Read it while awake, read it while alert, read it when you have time and quiet to enjoy the pure music of James' prose, for at least to me, that is the beauty of Washington Square.

Rating: 4 stars
Summary: Disturbingly Good
Review: I rated this James work a 4 based upon recent completion of "The Portrait of a Lady" which I hold as a 5. Disturbingly good was the impression I have of the novel. I was intensely disturbed by the characterization of a lovely women as less than smart, and less than fair in appearance. The description of Catherine, none the lacking due to Jame's gift of portraiture, made an impression on me. She became depicted in my mind's eye not as a homely dolt as her father chose to describe her, but instead a woman worthy of many, and owner of a beauty that many would consider cozy and warm. Her growth from a child to a woman of stature, and stolid grace only enhanced her beauty to me as the book progressed to it's end. She became the embodiment of an independent, not unlike Isabelle Archer in "The Portrait of a Lady." Isabelle Archer, in seeking the recapture of her independence could only have done better by knowing and reproducing the manner in which Catherine Sloper gained her's.
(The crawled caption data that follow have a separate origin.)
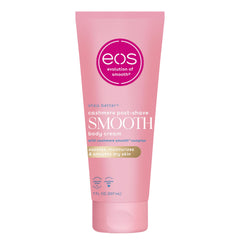 EOS Cashmere Skin Collection Post-Shave Smooth Body Cream- Vanilla Cashmere Scented, 72-Hour Hydration, 7 fl oz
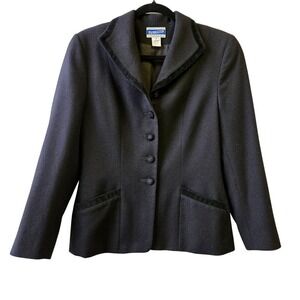 Pendleton  6 Old Money Quiet Luxury Virgin Wool Office Professional Blazer Jacke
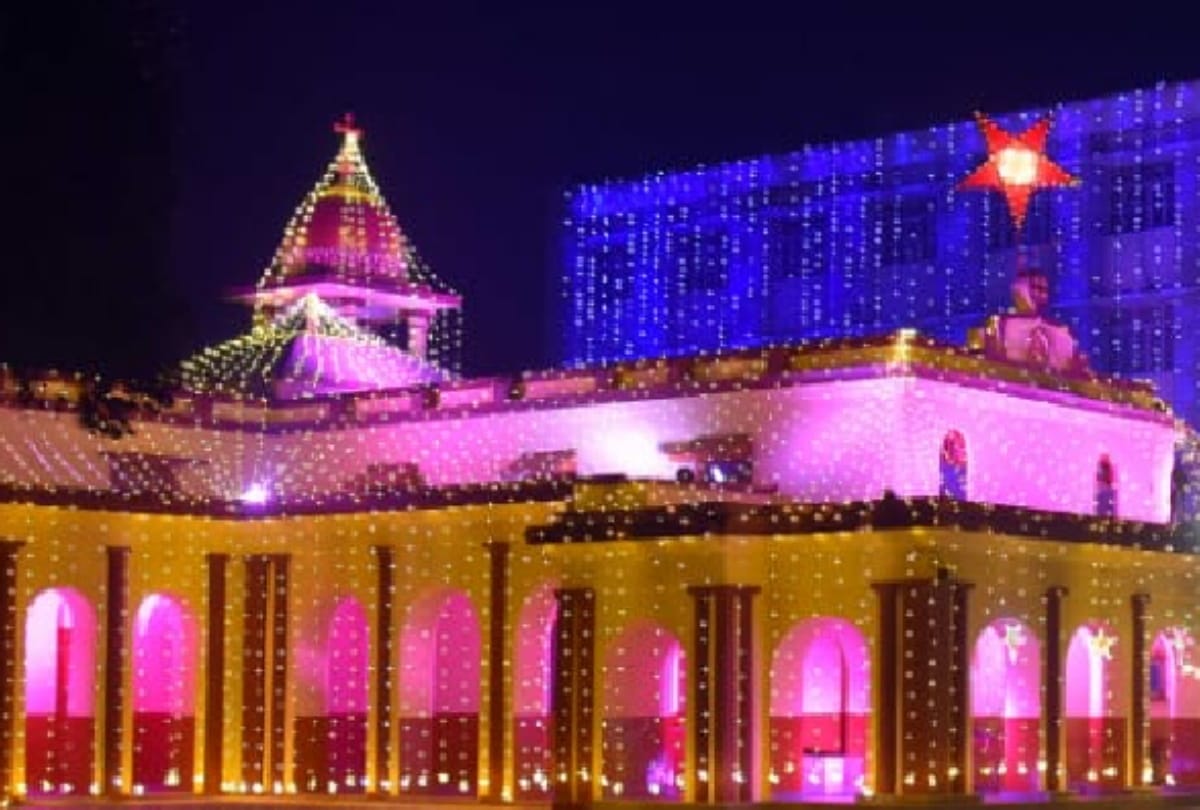 Merry Christmas 2021 celebration will start on today night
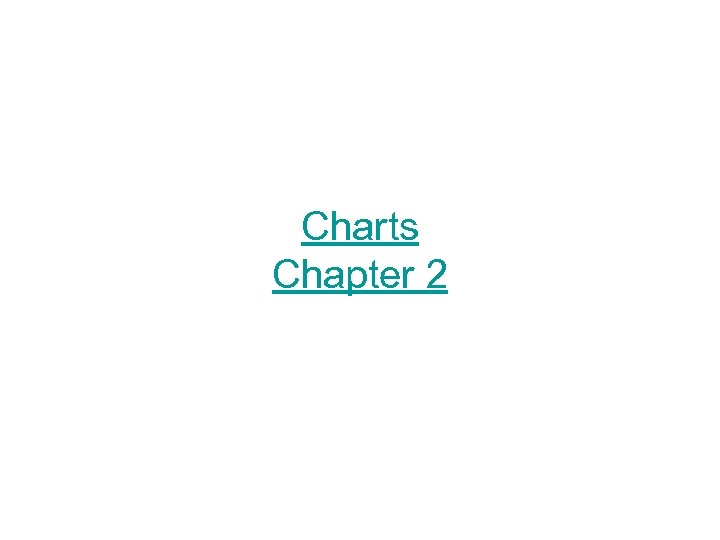 Charts Chapter 2 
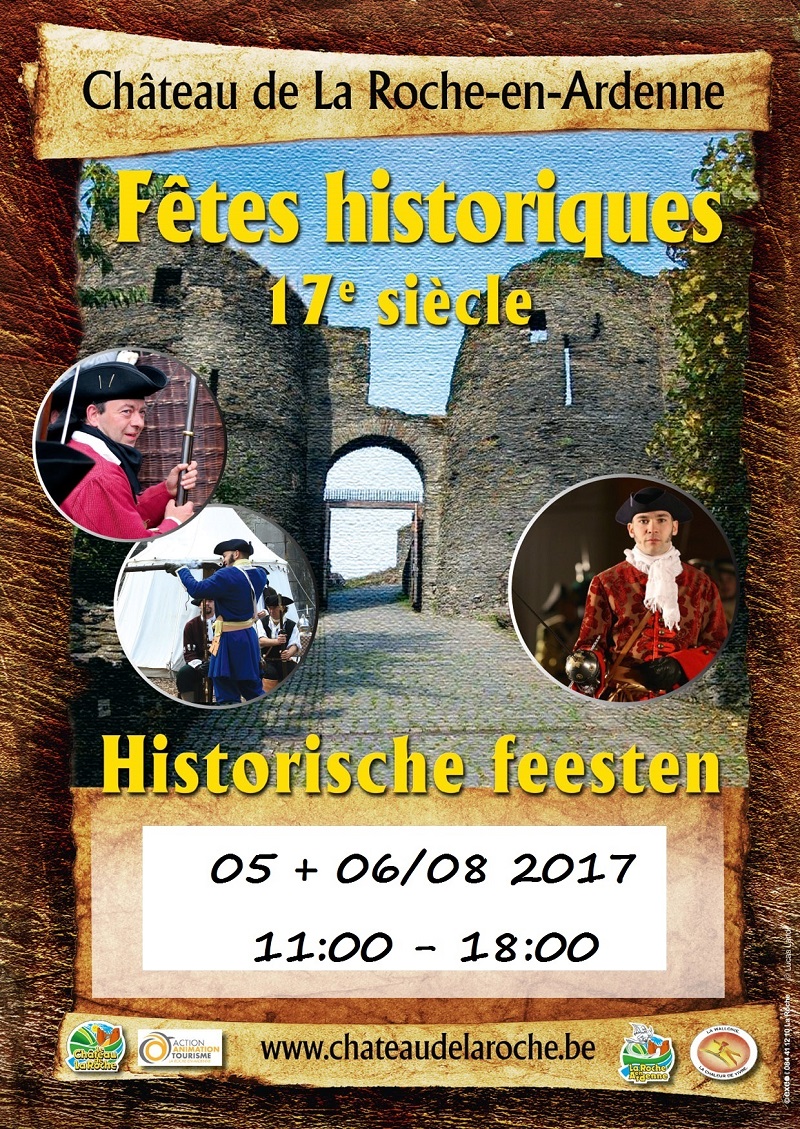 Fetes historiques affiche 2017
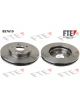 Valeo FTE Disc Brake Rotor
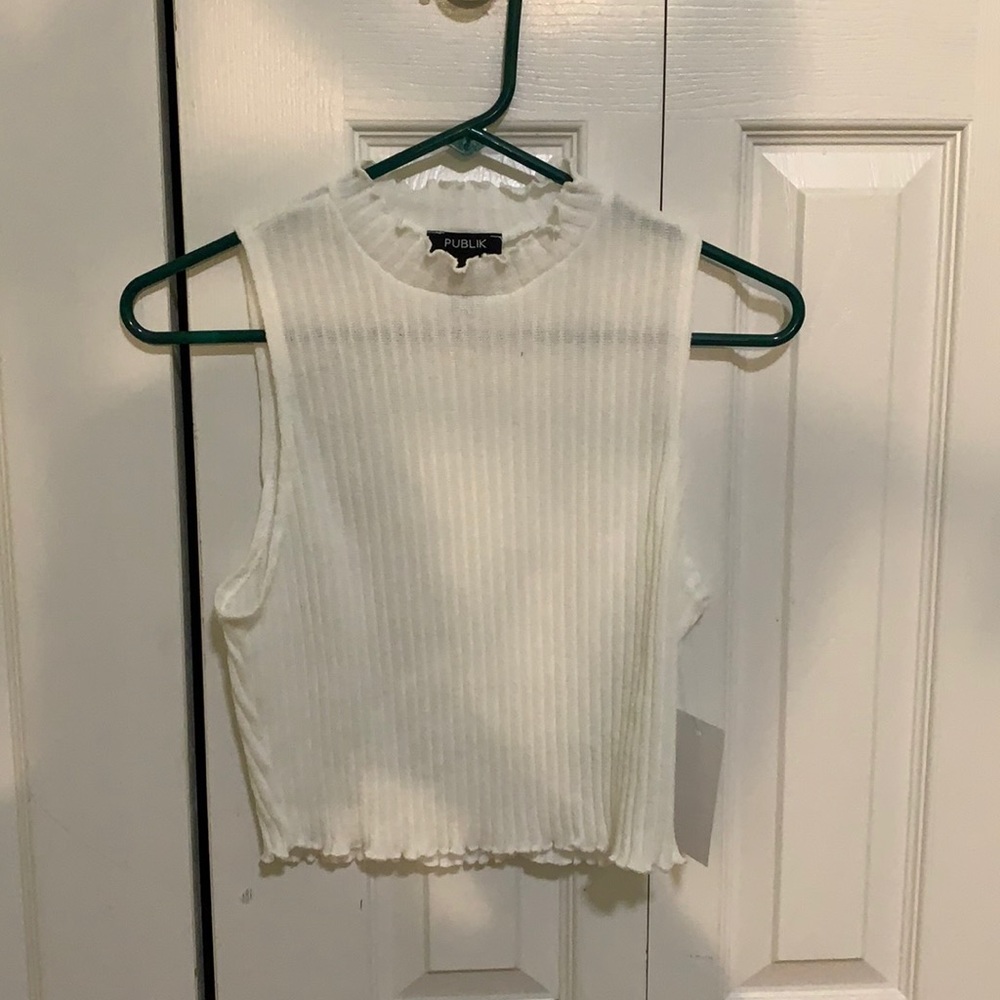 Forever 21 Mock Neck Tank top NWT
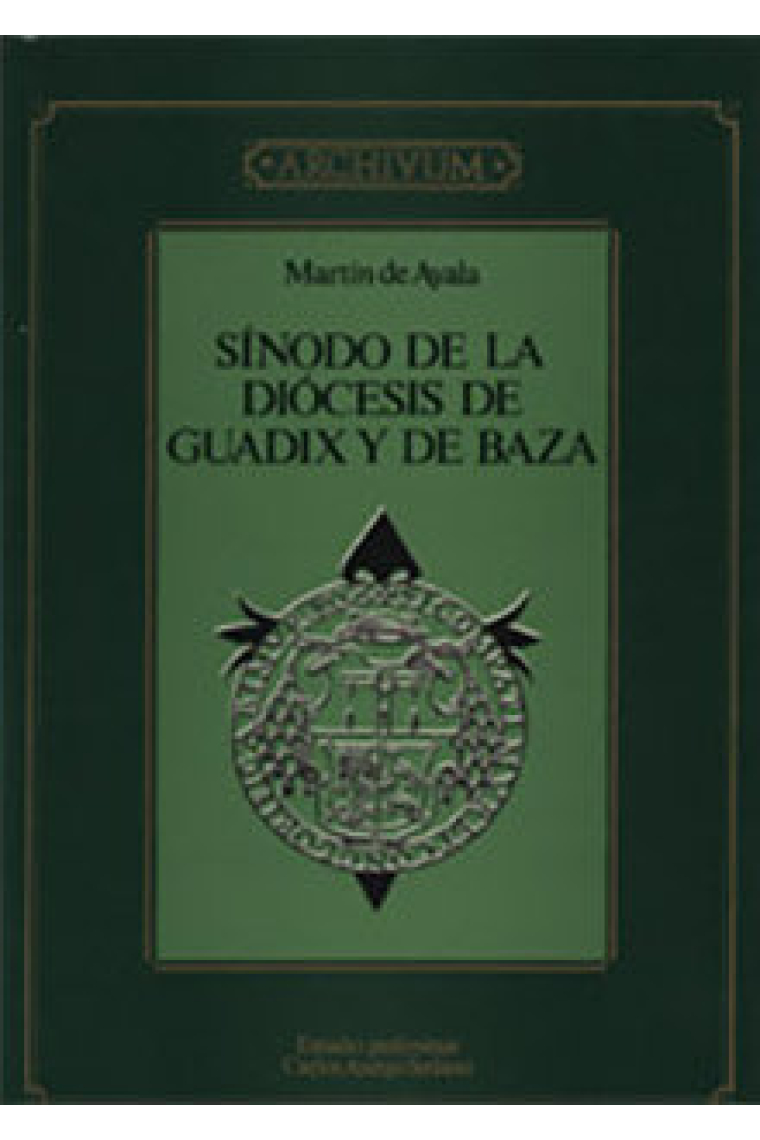 Sínodo de Guadix y de Baza (1554)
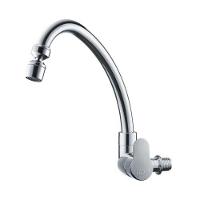 Torneira Tivoli Parede Cromada Bica Móvel Articulada - Abs - Herc - 1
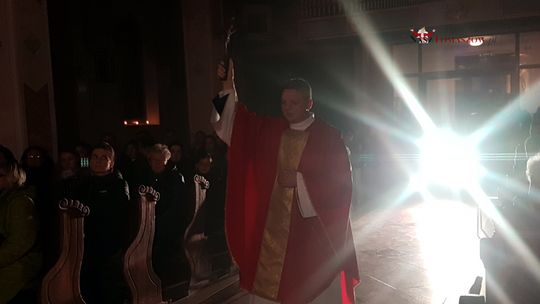 Noc Świętych w kościele Najświętszego Serca Jezusowego 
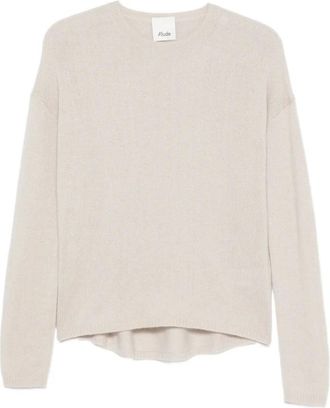 Allude Truien & Vesten, Dames, Grijs, XS, Cashmere Truien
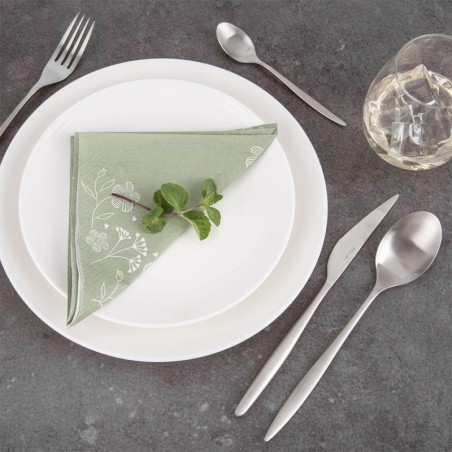 Terasest söögiriistade komplekt 6 inimesel... | FreshDesign.ee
Independence in both characters was ultimately pure, and gained through they're own hands, but Catherine's if possible, was enhanced simply because she lacked the millstone of a husband during her quest for true unadultrated independent freedom of character.

Rating: 4 stars
Summary: For a school book it was pretty good
Review: I thought Washington Square was well written, but lacked a "good" ending. I felt Catherine was slighted by not getting a husband and growing to be an old maid. Besides this, the book was good. There were characters you loved to hate and it was a novel for all those feminists to hate. Since I had to read this for a book project at school, I couldn't really get into it because of the thoughts of impending essay to be written on it. All in all it was a good, not great, read.

Rating: 4 stars
Summary: See honey, Dad told you so
Review: In the hands of any other writer, "Washington Square" could have ended up being a simple soap-opera, as its subject is typical of that genre. Catherine Sloper is a rich heiress to a wealthy physician. Her mother has died and she lives with Dad and a spinster of an aunt, an almost Emma Bovary-kind of woman, constantly devising romantic affairs where only the crude reality is happening. Far from the verbosity of other of his works, James uses here a cold, dispassionate approach of high irony and deep psychological insight. Character-building is at the top, more remarkably so for so common and risky a subject. Catherine is not beautiful, but she's destined to become very rich, and then along comes Morris Townsend, a young man from a "good family", but poor and jobless. He is charming and good-looking, and of course shatters Catherine's small world apart with his gentlemanliness and his wit. Catherine falls in love with him, encouraged by the naïve and romantic aunt, who plays intermediary to the lovers. But Dr. Sloper, Catherine's father, is a much more worldly man than the two women. He is cold and astute, and immediately suspects what Morris is after -his money. This is no romantic novel, dreams won't come true, but only the hardets reality. James has written here an acute psychological story, a most realistic one for anyone who wants to read and understand.

Rating: 4 stars
Summary: Excellent introduction to James' "Middle Period"
Review: James wrote somewhere that his tales were often about the children of light being destroyed by the darkness. This moving tale of a plain, sweet girl's devotion to a worthless fortune-hunter and the strength and wisdom she finds too late is a powerful example of this theme. This is a novel less ornate, shorter, and easier to get through than some of the later masterpieces. An excellent introduction to James.

Rating: 5 stars
Summary: An austere little gem
Review: Often unjustly overlooked in the Jamesian canon, Washington Square achieves the almost impossible; it makes a character who possesses neither great beauty nor wit absolutely compelling. Although Catherine's fate is ultimately tragic, she does gain revenge on the two gentlemen who wrong her, albeit in a rather oblique way.